Instructions for the task. What lines in the material hold the string "from"? Return every one of them.

Available data.
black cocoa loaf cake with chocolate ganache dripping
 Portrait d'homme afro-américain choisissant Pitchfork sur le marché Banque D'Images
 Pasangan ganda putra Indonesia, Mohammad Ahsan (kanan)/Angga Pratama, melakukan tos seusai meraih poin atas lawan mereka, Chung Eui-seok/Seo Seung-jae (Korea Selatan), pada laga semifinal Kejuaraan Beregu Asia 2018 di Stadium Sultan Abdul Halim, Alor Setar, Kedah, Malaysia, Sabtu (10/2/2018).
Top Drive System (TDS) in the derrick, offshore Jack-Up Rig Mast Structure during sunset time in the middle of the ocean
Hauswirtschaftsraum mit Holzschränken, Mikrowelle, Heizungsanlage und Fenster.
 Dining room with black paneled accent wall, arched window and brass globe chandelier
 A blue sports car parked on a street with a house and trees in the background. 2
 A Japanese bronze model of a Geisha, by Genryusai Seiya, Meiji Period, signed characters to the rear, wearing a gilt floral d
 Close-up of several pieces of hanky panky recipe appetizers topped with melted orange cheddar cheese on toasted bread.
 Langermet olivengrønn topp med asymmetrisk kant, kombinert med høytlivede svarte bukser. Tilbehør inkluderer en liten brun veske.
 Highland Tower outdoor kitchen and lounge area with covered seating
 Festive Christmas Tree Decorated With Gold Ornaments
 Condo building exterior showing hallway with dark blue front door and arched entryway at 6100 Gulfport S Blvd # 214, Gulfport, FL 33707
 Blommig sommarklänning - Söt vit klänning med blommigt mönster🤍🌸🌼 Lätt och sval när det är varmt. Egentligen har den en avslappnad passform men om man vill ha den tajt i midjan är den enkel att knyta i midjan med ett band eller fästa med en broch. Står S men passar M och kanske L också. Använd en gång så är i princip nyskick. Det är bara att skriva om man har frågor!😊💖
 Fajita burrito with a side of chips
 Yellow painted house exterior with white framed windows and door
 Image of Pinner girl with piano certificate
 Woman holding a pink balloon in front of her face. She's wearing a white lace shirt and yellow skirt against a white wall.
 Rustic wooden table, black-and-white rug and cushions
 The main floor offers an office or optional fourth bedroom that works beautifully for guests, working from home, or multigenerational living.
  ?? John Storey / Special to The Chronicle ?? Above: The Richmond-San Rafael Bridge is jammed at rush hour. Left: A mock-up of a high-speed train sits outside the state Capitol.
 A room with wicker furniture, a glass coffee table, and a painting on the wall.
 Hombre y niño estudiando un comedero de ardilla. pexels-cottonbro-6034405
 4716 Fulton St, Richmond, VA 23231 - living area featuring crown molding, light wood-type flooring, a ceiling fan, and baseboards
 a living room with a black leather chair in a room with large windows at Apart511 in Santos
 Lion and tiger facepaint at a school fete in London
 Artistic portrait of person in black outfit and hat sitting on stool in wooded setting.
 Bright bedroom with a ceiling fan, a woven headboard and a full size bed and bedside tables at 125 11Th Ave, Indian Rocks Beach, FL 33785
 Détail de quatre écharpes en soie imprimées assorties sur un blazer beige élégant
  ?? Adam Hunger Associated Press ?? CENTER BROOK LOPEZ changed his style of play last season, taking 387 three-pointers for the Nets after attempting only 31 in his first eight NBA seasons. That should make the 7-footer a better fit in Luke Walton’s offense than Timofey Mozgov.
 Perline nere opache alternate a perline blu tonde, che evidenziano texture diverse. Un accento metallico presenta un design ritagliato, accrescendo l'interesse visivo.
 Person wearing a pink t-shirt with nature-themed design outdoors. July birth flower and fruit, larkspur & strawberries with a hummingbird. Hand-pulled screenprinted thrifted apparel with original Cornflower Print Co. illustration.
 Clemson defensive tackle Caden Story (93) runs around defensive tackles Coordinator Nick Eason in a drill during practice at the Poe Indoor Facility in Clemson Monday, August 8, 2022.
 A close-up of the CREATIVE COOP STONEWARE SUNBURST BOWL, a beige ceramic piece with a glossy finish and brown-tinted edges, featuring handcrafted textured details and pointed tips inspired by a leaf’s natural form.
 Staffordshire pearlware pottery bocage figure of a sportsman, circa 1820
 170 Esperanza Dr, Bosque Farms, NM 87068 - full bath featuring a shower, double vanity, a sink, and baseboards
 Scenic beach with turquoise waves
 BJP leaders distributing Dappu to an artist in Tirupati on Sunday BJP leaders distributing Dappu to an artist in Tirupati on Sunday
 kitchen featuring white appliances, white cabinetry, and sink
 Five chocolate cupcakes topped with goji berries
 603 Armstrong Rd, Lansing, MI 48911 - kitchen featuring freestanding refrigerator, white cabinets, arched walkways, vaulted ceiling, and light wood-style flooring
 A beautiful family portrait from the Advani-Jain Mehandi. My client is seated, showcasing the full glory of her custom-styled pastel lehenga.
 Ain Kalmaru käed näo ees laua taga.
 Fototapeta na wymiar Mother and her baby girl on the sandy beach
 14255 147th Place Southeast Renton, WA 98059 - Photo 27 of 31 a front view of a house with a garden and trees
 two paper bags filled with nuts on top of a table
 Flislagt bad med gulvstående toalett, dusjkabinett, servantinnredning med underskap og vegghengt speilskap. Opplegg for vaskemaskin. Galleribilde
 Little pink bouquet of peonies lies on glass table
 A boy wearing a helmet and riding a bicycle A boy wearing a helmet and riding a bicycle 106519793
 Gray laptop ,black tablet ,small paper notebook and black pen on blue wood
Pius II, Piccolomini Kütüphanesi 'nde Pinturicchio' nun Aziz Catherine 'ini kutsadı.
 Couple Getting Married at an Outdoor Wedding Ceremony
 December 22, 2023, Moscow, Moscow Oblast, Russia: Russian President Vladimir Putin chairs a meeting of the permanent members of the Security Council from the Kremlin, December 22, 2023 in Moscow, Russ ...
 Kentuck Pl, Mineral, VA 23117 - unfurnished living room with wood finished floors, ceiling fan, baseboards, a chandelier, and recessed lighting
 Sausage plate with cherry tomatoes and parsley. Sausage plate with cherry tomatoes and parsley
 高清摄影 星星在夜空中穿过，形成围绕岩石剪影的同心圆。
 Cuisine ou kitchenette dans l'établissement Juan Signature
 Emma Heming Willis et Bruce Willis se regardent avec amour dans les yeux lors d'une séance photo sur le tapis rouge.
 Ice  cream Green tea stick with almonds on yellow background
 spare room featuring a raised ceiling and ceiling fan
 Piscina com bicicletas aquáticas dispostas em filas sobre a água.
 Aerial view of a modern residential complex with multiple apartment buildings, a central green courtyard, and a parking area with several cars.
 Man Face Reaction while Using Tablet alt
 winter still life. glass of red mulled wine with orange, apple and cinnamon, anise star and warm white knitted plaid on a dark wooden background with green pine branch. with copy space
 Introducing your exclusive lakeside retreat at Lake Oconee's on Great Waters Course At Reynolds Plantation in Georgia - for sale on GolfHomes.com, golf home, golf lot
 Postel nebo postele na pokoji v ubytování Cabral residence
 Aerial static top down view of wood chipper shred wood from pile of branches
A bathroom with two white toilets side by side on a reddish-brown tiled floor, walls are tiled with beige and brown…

Solution for this task.
 The main floor offers an office or optional fourth bedroom that works beautifully for guests, working from home, or multigenerational living.
 A beautiful family portrait from the Advani-Jain Mehandi. My client is seated, showcasing the full glory of her custom-styled pastel lehenga.
 December 22, 2023, Moscow, Moscow Oblast, Russia: Russian President Vladimir Putin chairs a meeting of the permanent members of the Security Council from the Kremlin, December 22, 2023 in Moscow, Russ ...
 Aerial static top down view of wood chipper shred wood from pile of branches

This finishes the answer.